Targeting Iran's Energy Infrastructure Is an Act of Economic Warfare, Not Precision Deterrence

As of 17 May 2026, US and Israeli forces are positioned to strike Iranian energy infrastructure. That is not intelligence speculation—it is the assessment circulating through open-source trackers, citing unnamed officials and citing the implicit logic of the current standoff. Iran says the US is lying. Iran's Ministry of Defence put it plainly: Trump does not stop lying, and he and Netanyahu are among the most hated figures in the region. The statement was unambiguous. The question now is whether the public posturing is a diplomatic feint or a prelude to bombardment.
The strategy being mooted—infrastructure targeting as a pressure lever—has a coherent if troubling logic inside a great-power playbook. Decapitate a state's energy export capacity, and you strangle the revenue that funds its military ambitions and regional posture. It worked in the Gulf. It was attempted against Iraq. Whether it works against Iran, which has spent four decades building a sanctions-resistant economy and a network of regional proxies that do not depend on a functioning oil terminal, is a separate question. The targeting of energy infrastructure is not precision deterrence. It is economic warfare, and it should be named as such.
The Infrastructure Doctrine
The idea that civilian energy systems are legitimate targets in a geopolitical contest is neither new nor uniquely Western—though the West has become its most systematic practitioner. The systematic targeting of oil facilities, power grids, and export terminals has been a feature of US and allied military planning since the 1991 Gulf War. The logic is straightforward: modern states run on energy. Remove the energy, and the state loses coherence. Military communications fail. Economic activity contracts. Popular support for a government waging an expensive war erodes. The doctrine assumes a linear relationship between infrastructure damage and political capitulation.
That assumption has a patchy record. The Gulf War's bombing campaign did not topple Saddam before the ground invasion. Serbia's energy grid was degraded but its government held. Libya's oil infrastructure was a repeated target, yet the regime survived for decades with a rump economy. The pattern is consistent: infrastructure targeting degrades quality of life and accumulates pressure, but it does not automatically produce political surrender. What it does produce, reliably, is civilian suffering—power shortages affecting hospitals, fuel shortages stranding transport, cold in winter, heat in summer. The distinction between a military target and a civilian one is not always clear on a bombing grid, and the calculus of acceptable collateral damage tends to expand when the target list is prioritised by political deadline rather than tactical precision.
Iran is not an unprepared state. Its energy sector has been under sanctions duress since 2018, when the US withdrew from the Joint Comprehensive Plan of Action and reimposed maximum pressure. The sector has adapted—domestic refining capacity has expanded, grey-market channels have multiplied, and the government has demonstrated a willingness to absorb economic pain in exchange for strategic staying power. Targeting Iran's energy infrastructure now would be targeting a system that has already been partially dismantled. The remaining damage would be real but may not achieve the strategic effect its architects are counting on.

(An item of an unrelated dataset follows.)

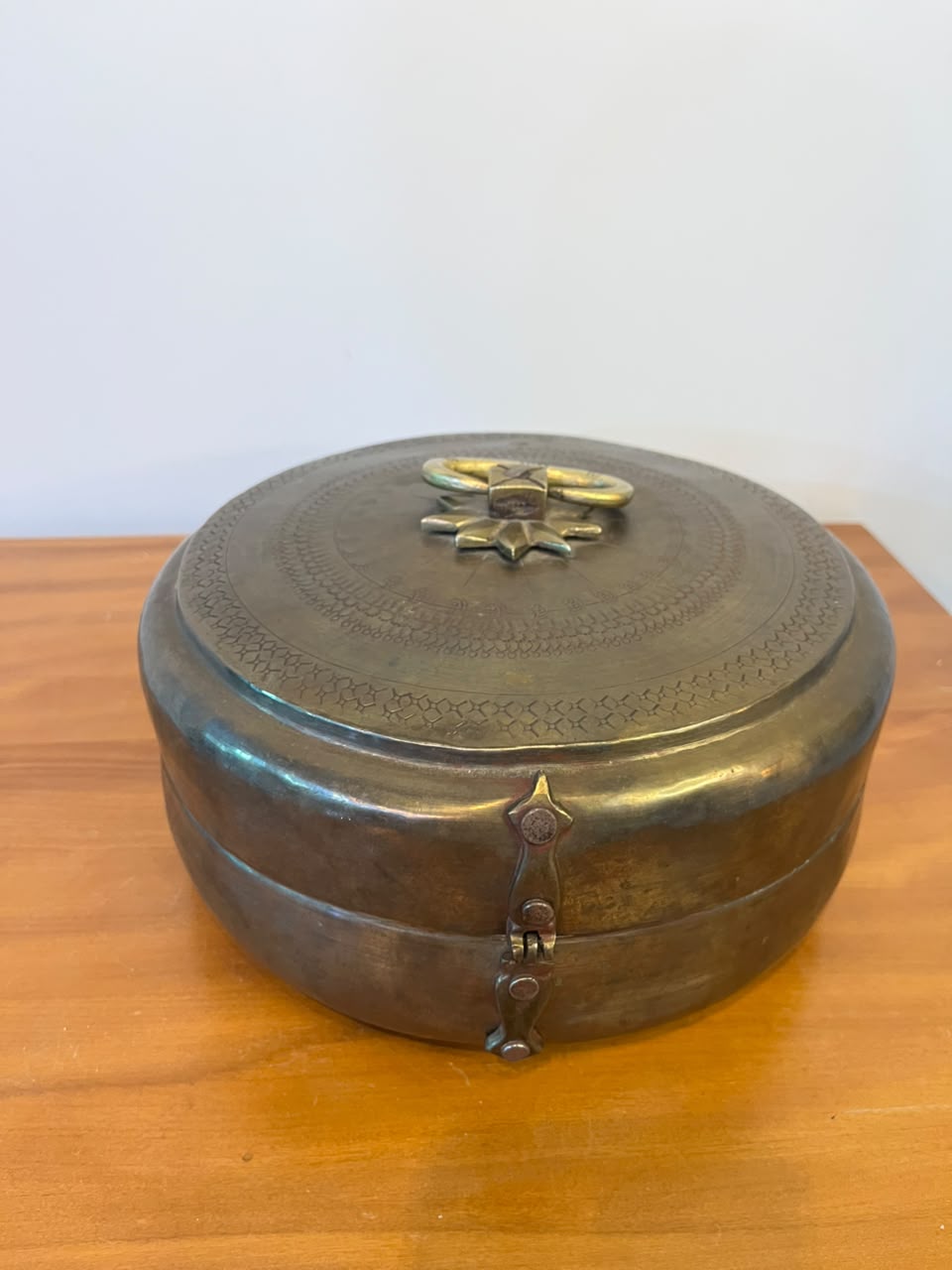 Antiga Caixa de pão redonda em latão trabalhado com tampa articulada – 23 cm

What the Iranian Counter-Narrative Reveals
The Ministry of Defence statement on 17 May 2026 did not come from a junior spokesperson reading prepared remarks. It came from a platform that is paying close attention to the same signals the US and Israel are sending, and it is pushing back with unusual directness. "Trump does not stop lying" is not diplomatic language. It is a statement designed for domestic Iranian audiences and for the broader regional audience that watches how Tehran responds to provocation. The framing carries an implicit claim: the US is posturing to extract concessions, and when the moment of truth arrives, it will back down.

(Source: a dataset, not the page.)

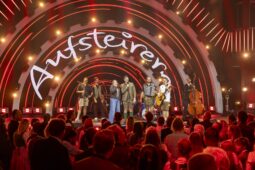 Musiker und Moderator auf der Aufsteirern-Bühne vor Publikum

That claim has some historical support. US officials have repeatedly signalled military readiness against Iran—over the nuclear programme in 2019, over the assassination of Qasem Soleimani in 2020, over the enrichment escalations in 2021 and 2023—only to step back from actual strikes when the diplomatic and political costs were weighed. Each time, the rollback was framed as strategic restraint, but from Tehran's perspective, it looked like a pattern of threat inflation followed by strategic retreat. The credibility of US force signals has degraded over time, and an Iranian government that has survived four decades of US pressure is likely to interpret current signals through that accumulated data.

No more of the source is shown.